%%

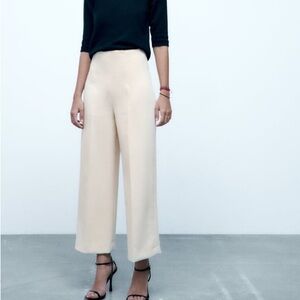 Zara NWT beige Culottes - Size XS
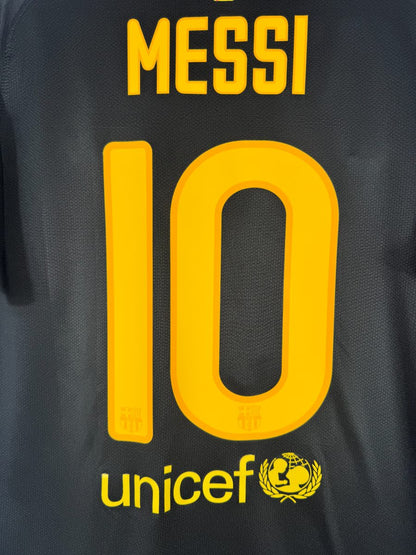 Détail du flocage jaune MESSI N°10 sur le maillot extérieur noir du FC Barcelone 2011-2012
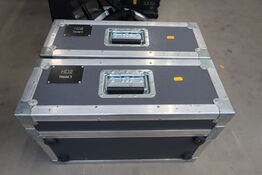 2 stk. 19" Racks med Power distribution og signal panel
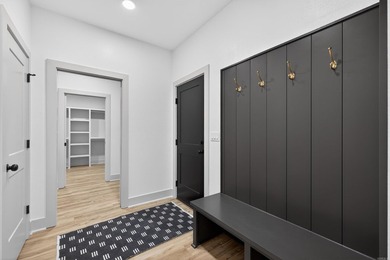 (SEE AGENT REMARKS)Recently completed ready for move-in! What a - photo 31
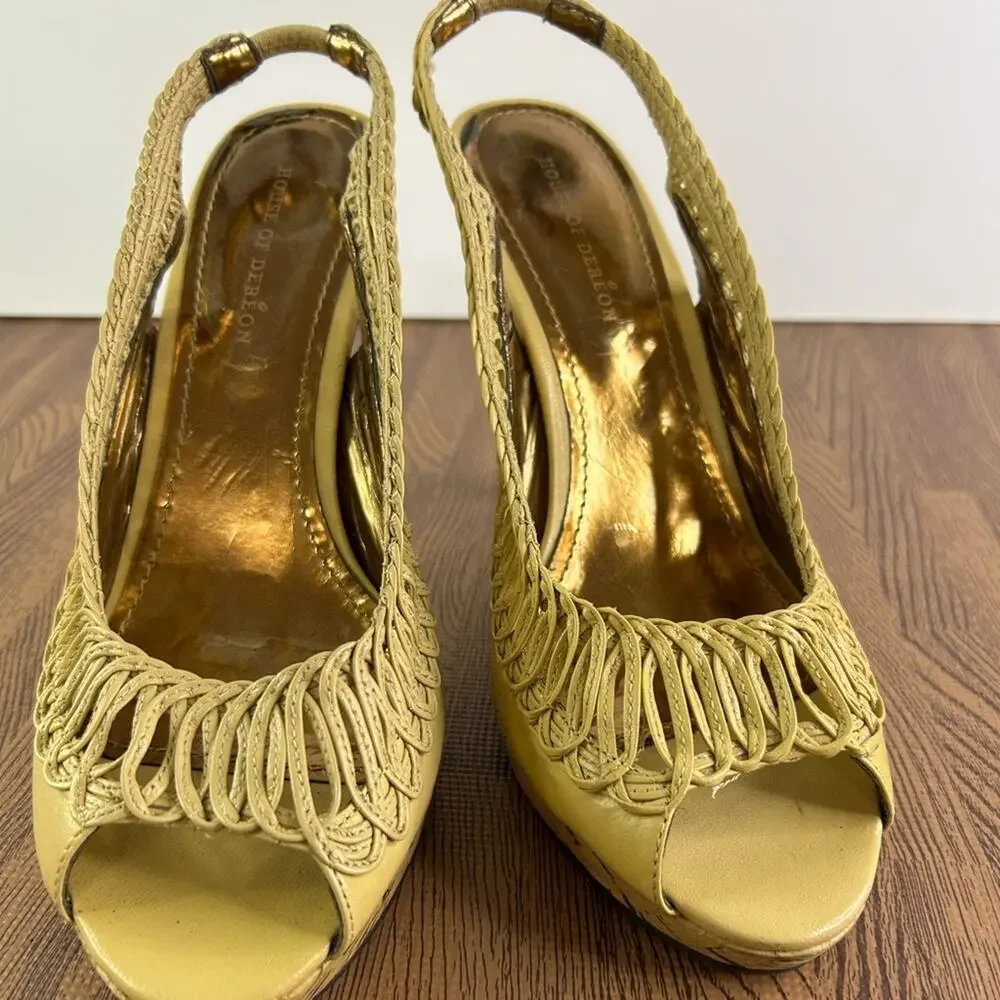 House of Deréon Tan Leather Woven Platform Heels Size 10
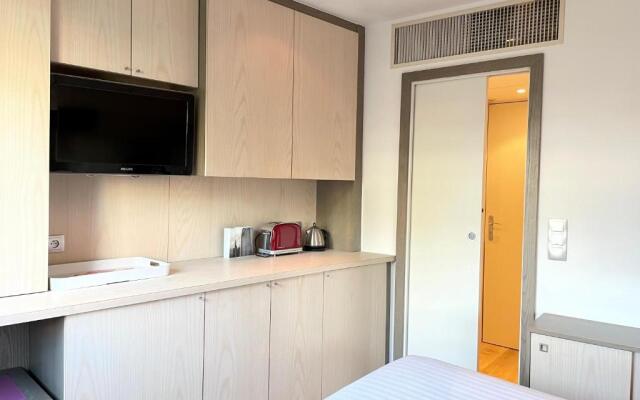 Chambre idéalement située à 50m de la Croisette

%%
%%

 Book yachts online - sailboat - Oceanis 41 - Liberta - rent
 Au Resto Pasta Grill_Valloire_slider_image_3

%%
%%

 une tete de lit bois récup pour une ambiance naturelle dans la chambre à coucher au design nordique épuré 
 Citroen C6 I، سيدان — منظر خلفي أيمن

%%

Copy needed, without pictures: the lines of the listing above from the line containing "Détail du flocage" up to and including the line containing "Chambre idéalement située", set down exactly.

 Détail du flocage jaune MESSI N°10 sur le maillot extérieur noir du FC Barcelone 2011-2012
 2 stk. 19" Racks med Power distribution og signal panel
 (SEE AGENT REMARKS)Recently completed ready for move-in! What a - photo 31
 House of Deréon Tan Leather Woven Platform Heels Size 10
 Chambre idéalement située à 50m de la Croisette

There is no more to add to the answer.